» **TASK TO COMPLETE**: Establish how many lines in the records below include the word "Floral"; respond with that number only.

» **SOURCE INFORMATION**:
※ ※ ※
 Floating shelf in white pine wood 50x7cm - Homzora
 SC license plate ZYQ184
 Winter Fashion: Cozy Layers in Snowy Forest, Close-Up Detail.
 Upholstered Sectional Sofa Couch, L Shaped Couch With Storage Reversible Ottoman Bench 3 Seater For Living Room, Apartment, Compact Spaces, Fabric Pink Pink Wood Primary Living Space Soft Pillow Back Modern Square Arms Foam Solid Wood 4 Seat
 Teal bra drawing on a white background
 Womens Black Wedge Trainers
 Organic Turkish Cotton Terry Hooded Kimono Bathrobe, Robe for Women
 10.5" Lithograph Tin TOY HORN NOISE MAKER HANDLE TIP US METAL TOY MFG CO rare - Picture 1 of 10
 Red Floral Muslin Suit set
※ ※ ※
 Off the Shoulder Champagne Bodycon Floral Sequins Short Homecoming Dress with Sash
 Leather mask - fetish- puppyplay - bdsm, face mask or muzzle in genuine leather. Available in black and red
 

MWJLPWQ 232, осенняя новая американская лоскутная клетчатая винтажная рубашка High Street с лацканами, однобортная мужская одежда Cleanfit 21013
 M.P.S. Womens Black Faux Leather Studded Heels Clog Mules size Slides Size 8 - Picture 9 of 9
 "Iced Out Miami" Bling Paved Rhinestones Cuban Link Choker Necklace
※ ※ ※
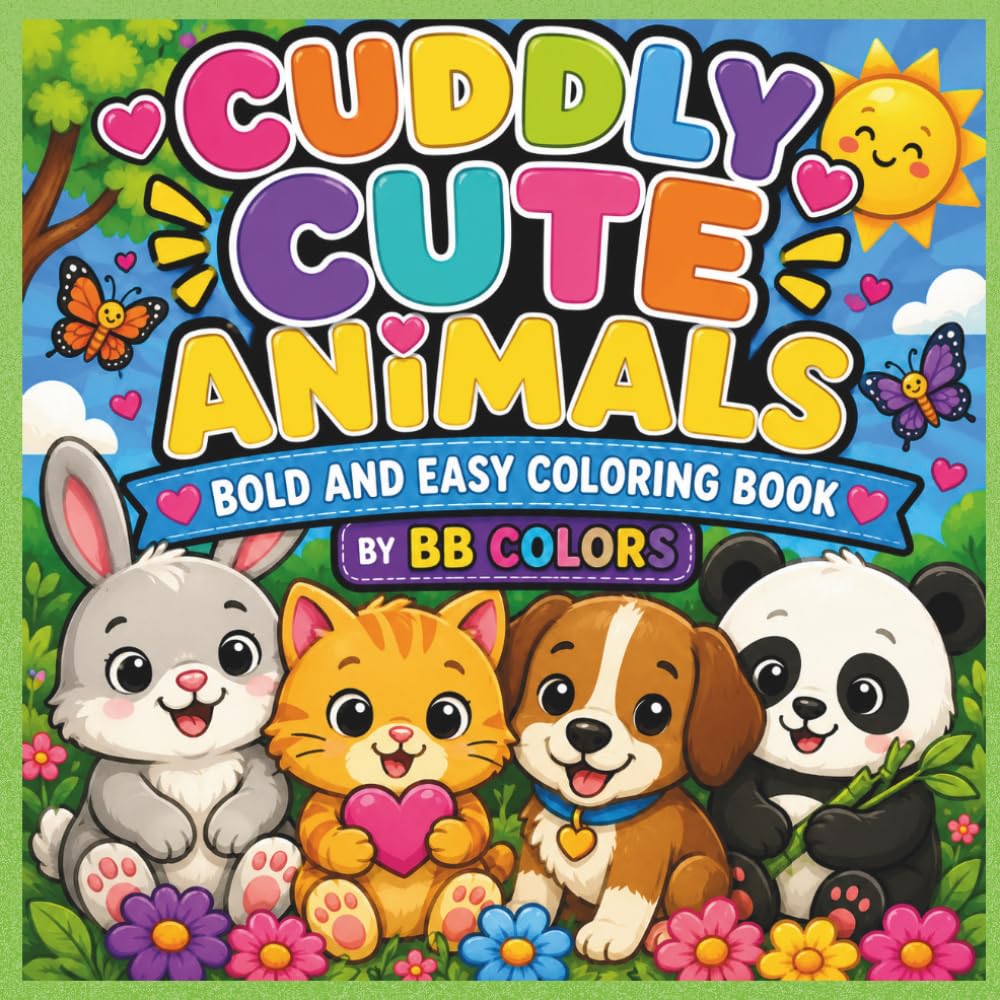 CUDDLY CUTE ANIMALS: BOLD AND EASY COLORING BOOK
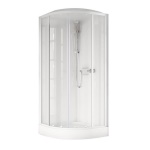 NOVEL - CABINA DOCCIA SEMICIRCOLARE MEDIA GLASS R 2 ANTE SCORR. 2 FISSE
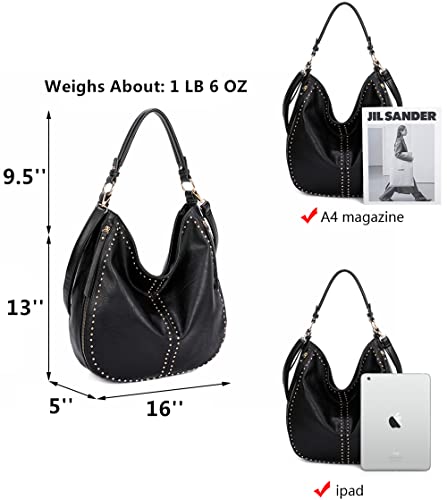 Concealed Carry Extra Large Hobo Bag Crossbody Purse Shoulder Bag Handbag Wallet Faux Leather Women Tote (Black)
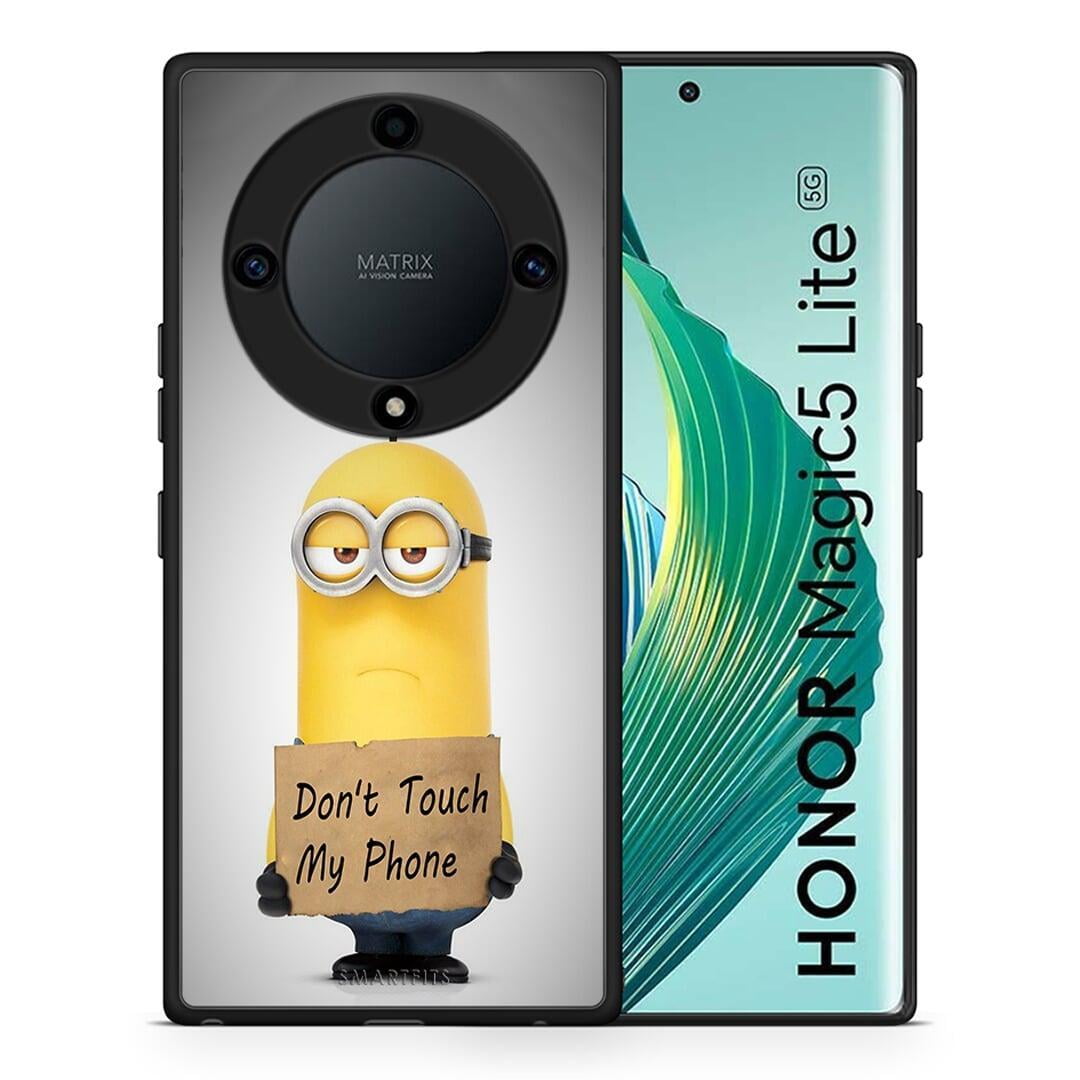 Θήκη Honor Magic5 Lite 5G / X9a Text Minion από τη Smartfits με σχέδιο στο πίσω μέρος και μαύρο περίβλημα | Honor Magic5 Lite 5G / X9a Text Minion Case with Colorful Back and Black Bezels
※ ※ ※
» **EXERCISE RESULT**: 2